With all of the stories covering CPS’ challenging year, it would be easy to forget how hard Chicago’s education professionals have been working to keep our children moving forward, and the successes they’ve achieved.
For those of you following public education in Chicago: It’s time for some good news.
Paul Zavitkovsky, a UIC researcher with Chicago’s Center for Urban Education Leadership, co-authored a study with Steven Tozer, looking back at 15 years of test scores – not rates of improvement, but actual scores.
They found when you compare students of similar socio-economic backgrounds in and out of CPS, students in the district outscore their counterparts in the rest of the state.
Source: University of Illinois at Chicago. Scores are for 3rd grade reading, though researchers say scores for other grades and subjects show a similar pattern.

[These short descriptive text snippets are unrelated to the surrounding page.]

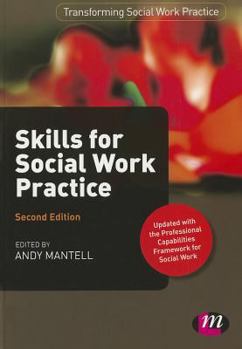 Paperback Skills for Social Work Practice Book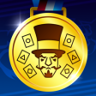 The Cake Is a Lie Trophy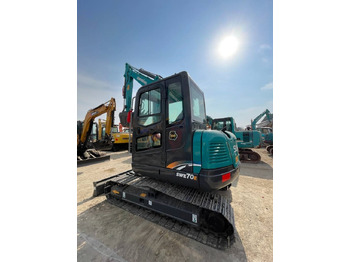 Mini-ekskavators Sunward SWE 70 E [ Copy ]: foto 4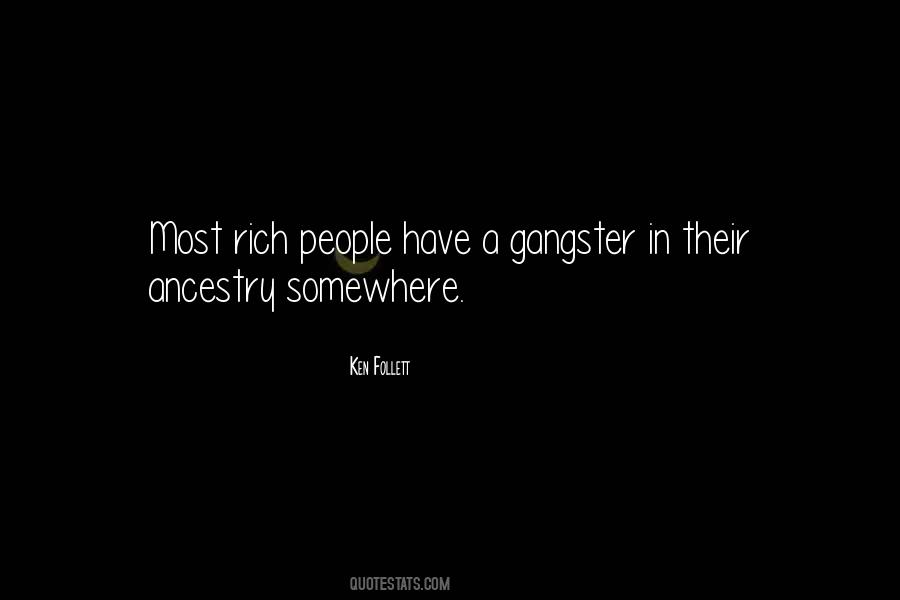 Quotes About Rich People #1325570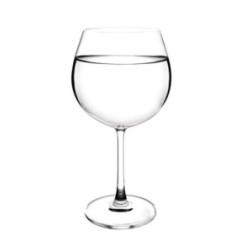 Verres à gin en cristal Bar Collection Olympia 645ml (lot de 6)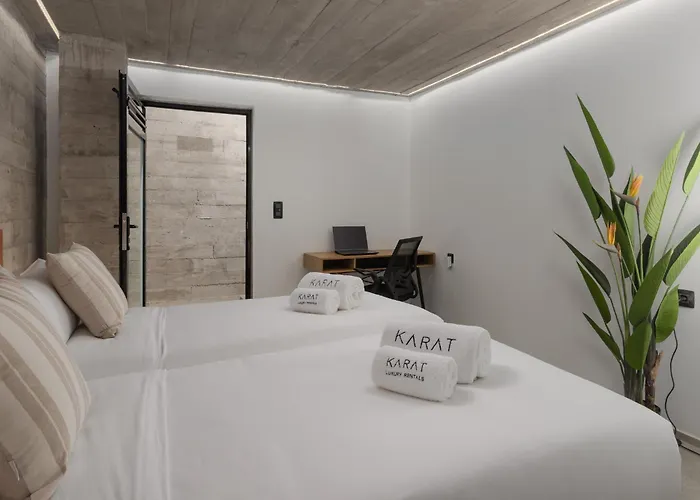 Karat Calypso Villa *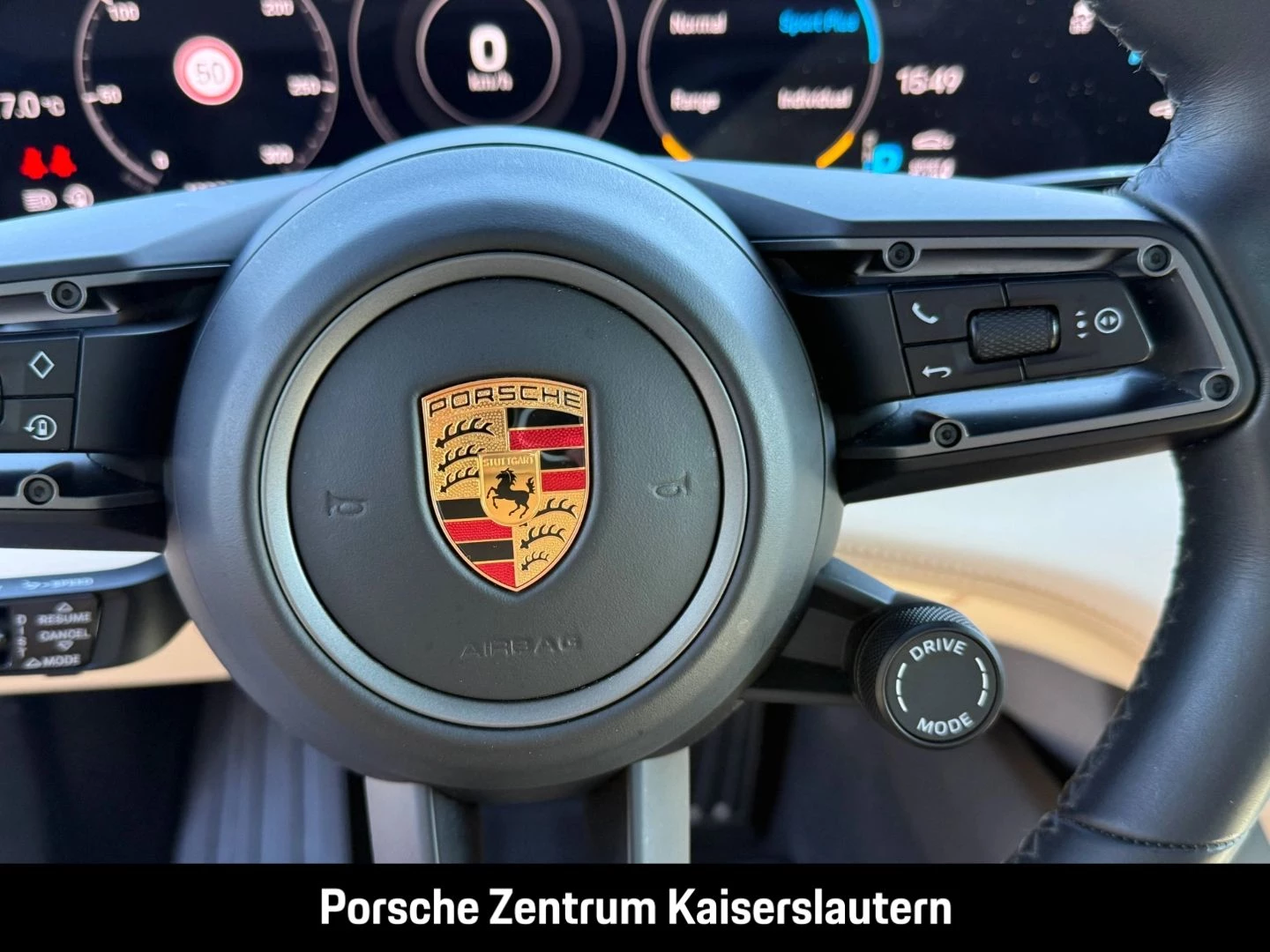 Porsche Taycan Turbo Clubleder Nachtsicht InnoDrive turbo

Numbers represent the percentage of students scoring at or above the statewide median score on the PARCC reading exam in 2016. Students learning English were omitted from this data.
Image source: WBEZ
In a recent WBEZ story, Zavitkovsky notes: “You name the subgroup, and kids in Chicago are doing substantially better than other Illinois kids outside the city.”
While the study and WBEZ’s coverage mention a number of demographic factors at play here – similar studies returning the same observations have convinced many former skeptics of CPS. The numbers and the outcomes we see for students add up to what many in Chicago already know – the hard work from our principals, teachers and parents are making CPS better, every day.
Chief Education Officer Dr. Janice Jackson thinks CPS’ partnerships with universities to identify problems, as well as increased accountability from schools, has been helpful.
Poverty continues to be a major factor in the scores in and out of CPS, with many districts downstate seeing more impoverished students, and poor students from all backgrounds testing poorly, regardless of district – though, as Dr. Jackson has pointed out, Chicago has had to deal with overcoming those economic disadvantages longer than many other areas, and is perhaps better suited to dealing with those challenges.
We know this good news only illustrates how much farther we have to go – and how much work principals both in and out of TFC have ahead of them. But we’ll continue our support of our friends and fellows – the hardworking principals of Chicago Public Schools – because they believe in our teachers and schoolchildren, and we believe in them.
And as the numbers show: Our belief, and their efforts, are paying off.